As shown in Fig. 3A, the endA and endX genes were deleted sequentially to create a host strain PpΔend, enhancing exogenous gene expression stability [33]. Then, the plasmid pV01, carrying the valencene synthase (vs) gene from Callitropsis nootkatensis [34], was introduced into PPpΔend, resulting in the strain PpV01. This strain generated 2.11 mg/L of valencene. DXP synthase (dxs) is crucial in isoprenoid biosynthesis, playing a central role in the production of isopentenyl pyrophosphate (IPP) (Fig. S3 and Fig. 3B). The ispA (GPP/FPP synthase) catalyzes the condensation of IPP and DMAPP to form farnesyl pyrophosphate (FPP), the valencene precursor. Overexpression dxs and ispA in PpV01 generated strains PpV02 and PpV03, respectively. Notably, PpV02 with dxs overexpression with VS showed a significant 4.5-fold improvement in valencene production, but noverexpressing ispA with vs in PpV03 did not increase production significantly. These results indicated that enhancement of key enzymes of the upstream pathway of MEP is favorable to increasing the yield of the target product mainly due to the insufficient supply of precursors of the upstream pathway at this time.

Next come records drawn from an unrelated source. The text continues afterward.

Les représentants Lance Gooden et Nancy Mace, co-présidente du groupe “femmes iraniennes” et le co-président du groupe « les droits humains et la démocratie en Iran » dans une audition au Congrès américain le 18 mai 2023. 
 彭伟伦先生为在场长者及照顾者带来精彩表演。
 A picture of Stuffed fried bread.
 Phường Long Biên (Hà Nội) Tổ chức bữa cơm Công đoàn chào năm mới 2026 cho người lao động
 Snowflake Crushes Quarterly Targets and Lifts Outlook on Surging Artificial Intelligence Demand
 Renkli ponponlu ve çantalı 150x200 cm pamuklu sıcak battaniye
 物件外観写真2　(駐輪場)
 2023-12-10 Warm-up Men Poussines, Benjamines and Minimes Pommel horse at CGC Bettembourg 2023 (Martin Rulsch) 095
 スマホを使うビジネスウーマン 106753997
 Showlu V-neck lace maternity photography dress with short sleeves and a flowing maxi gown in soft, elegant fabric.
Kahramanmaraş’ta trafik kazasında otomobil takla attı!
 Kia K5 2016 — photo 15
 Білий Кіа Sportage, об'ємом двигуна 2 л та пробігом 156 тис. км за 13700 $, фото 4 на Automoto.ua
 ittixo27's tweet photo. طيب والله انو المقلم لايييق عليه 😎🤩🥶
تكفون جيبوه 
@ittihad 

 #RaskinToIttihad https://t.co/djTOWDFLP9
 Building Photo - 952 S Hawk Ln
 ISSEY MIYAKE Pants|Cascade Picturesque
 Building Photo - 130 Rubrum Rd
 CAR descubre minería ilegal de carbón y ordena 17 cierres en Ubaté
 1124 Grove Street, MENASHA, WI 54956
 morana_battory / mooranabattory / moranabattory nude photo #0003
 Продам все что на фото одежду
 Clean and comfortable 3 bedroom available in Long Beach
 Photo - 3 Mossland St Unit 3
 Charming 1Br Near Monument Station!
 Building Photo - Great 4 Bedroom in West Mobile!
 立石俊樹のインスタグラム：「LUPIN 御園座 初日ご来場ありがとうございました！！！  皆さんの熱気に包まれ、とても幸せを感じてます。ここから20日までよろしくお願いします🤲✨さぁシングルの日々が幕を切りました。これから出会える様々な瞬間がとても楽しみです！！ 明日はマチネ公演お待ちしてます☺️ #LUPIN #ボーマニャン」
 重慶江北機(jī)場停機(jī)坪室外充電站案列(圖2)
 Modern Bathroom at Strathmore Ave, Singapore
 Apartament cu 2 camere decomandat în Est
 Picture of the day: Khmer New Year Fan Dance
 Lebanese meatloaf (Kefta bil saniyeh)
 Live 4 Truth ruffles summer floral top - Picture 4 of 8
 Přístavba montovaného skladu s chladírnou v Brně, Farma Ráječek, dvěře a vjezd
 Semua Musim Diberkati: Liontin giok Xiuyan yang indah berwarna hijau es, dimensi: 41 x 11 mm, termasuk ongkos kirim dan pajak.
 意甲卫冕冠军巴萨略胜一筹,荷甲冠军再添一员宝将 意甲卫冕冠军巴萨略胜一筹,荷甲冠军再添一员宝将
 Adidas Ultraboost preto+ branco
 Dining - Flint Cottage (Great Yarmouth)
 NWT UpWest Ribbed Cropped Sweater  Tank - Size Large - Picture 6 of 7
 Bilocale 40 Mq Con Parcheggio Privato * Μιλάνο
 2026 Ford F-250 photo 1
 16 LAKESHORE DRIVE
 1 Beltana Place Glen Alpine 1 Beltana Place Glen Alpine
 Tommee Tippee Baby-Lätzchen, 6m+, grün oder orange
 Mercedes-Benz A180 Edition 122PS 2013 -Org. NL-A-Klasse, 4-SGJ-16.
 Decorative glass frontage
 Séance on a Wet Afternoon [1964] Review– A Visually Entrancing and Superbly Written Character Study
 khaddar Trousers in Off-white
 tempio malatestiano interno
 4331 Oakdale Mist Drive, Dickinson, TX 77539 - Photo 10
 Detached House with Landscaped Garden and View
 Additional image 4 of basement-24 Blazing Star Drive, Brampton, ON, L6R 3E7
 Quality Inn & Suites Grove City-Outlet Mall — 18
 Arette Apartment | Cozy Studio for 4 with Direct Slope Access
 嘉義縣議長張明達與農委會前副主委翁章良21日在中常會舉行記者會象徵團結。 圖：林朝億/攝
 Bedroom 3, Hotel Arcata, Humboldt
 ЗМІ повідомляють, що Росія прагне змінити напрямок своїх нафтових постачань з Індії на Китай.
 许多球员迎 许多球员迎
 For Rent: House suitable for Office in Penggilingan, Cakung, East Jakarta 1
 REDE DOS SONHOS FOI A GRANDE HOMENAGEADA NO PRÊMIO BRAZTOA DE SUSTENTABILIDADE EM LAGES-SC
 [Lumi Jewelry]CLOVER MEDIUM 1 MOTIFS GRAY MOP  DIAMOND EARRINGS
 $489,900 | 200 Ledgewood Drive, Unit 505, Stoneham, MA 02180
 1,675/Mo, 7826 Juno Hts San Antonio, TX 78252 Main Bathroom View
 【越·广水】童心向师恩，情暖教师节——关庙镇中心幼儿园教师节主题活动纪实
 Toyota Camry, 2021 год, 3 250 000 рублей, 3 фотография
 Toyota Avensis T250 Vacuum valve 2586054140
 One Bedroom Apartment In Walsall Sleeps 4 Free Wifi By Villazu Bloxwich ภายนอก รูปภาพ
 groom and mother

In P. putida KT2440, Ac-CoA can naturally be converted to polyhydroxyalkanoate (PHA) by phaG and phaC1ZC2 [35]. Deleting phaG and phaC1ZC2 genes may reduce precursor depletion by the bypass pathway thus improve valencene production. As shown in Fig. 3C, deleting phaG in PpV04 did not improve valencene production, indicating the presence of other isoenzymes. However, PpV05, with phaG and phaC1ZC2 knocked out, exhibited an 11.8% increase in yield compared to PpV02. Further overexpression of ispA in strain PpV06 significantly increased valencene yield and cell density compared to PpV04.
Finally, adding another copy of the vs gene linked with ispA in genome using a designed α-helical rigid linker (EAAAK)2 [36] resulted in strain PpV07, which showed a significant improvement in valencene yield. Remarkably, the engineered PpV07 achieved a 10-fold increase in valencene production compared to the starting strain PpV01. Overexpressing dxs, ispA, and vs genes mainly contributed to valencene yield, while deleting phaG and phaC1ZC2 genes contributed indirectly by enhancing cell growth.
Heterologous biosynthesis of valencene has been reported in different microorganisms [37]. The highest valencene yield (12.4 g/L) was reported in Saccharomyces cerevisiae through gene screening, protein engineering, and pathway optimization [38]. Bacteria as hosts showed relatively lower valencene production, ranging from 2.41 mg/L in Corynebacterium glutamicum to 352 mg/L in Rhodobacter sphaeroides. This study is the first report of valencene biosynthesis using P. putida as a host. Although our current yield is not as high as in engineered yeast, the fast growth rate of P. putida and our advantageous CRISPR/Cas9 editing technology allow for faster metabolic engineering, thus having great potential in increasing valencene production.